Mittelmäßig. Es gibt viele Abende, an denen wir sehr zufrieden sind, aber auch einige, die nicht so funktionieren, wie wir sie uns vorstellen. Gerade auch bei anspruchsvolleren Geschichten im Avantgarde-Bereich und bei Sachen, die in die subversivere Ecke gehen, machst du kein Geld. Du kannst froh sein, wenn du mit Null aussteigst. Es funktioniert leider gerade nicht ausreichend, diese Dinge mitzufinanzieren, da wir weder Förderungen noch Subventionen in Anspruch nehmen.
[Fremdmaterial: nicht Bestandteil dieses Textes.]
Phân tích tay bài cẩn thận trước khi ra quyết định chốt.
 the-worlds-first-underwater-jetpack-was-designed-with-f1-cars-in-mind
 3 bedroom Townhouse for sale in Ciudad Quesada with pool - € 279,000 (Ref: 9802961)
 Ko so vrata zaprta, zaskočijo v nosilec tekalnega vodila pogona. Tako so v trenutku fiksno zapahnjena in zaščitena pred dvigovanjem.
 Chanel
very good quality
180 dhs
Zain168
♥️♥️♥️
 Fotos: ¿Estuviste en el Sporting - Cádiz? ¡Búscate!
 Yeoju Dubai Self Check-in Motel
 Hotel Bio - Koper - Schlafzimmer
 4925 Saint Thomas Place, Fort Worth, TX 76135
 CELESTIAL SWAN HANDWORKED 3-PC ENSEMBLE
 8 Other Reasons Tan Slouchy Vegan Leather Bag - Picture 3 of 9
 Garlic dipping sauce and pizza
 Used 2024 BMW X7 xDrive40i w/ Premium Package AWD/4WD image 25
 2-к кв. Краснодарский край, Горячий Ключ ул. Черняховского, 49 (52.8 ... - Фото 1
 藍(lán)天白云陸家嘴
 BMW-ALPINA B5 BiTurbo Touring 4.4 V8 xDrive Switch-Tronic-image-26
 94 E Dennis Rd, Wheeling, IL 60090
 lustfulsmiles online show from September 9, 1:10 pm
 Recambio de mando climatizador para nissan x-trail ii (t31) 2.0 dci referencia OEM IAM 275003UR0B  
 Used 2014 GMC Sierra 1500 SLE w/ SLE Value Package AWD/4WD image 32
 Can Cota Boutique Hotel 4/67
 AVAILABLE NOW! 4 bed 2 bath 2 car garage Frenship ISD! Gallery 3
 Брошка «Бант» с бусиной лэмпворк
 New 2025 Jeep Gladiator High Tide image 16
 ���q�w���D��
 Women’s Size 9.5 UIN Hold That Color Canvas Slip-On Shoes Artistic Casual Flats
Wie viele Leute arbeiten bei euch?
Ich habe derzeit etwa 40 Angestellte, plus noch etwa 20 Securitys, die aber von einer Partnerfirma kommen. Es ist schon sehr viel Verantwortung. Wenn du dir eben nicht nur zum Ziel machst zu existieren, dann ist es mitunter auch sehr hart. Und darum sind wir zu dem Punkt gekommen, dass wir weiter hinten an größeren Schrauben drehen müssen.

Was heißt das konkret?
Wir werden den Club umbauen und wollen noch mehr auf spitze Inhalte setzen. Wir haben das Architekturbüro Kohlmayr Lutter Knapp mit einer Machbarkeitsstudie beauftragt, um zu sehen, was wir mit der Immobilie anfangen und wie wir unseren Platz und unseren Raum bestmöglich ausnutzen können. Es muss ja nicht alles genauso bleiben wie es ist. Das Resultat der Studie zeigt, dass vieles möglich ist. Konkret heißt das: Wir werden den Club verkleinern und ihn quasi in zwei Teile spalten. Davon wird ein Teil—der Mainfloor—als Herzstück im Club bleiben, mit einer Kapazität von etwa 500 Leuten. Daneben werden wir einen neuen Gastronomiebetrieb mit einer angeschlossenen Bar entwickeln. All das, was wir in letzter Zeit ausprobiert haben, wird auf den Punkt gebracht. Wir haben einen vollwertigen Club und daneben ein Restaurant mit ausgeklügelter Getränkekarte. Mit der Verkleinerung der Venue habe ich weniger Personalaufwand und zahle weniger Miete. Dadurch nehme wir etwas Druck aus dem Club. Durch die Verkleinerung sind auch Veranstaltungen, die nicht auf Masse ausgelegt sind, besser finanzierbar.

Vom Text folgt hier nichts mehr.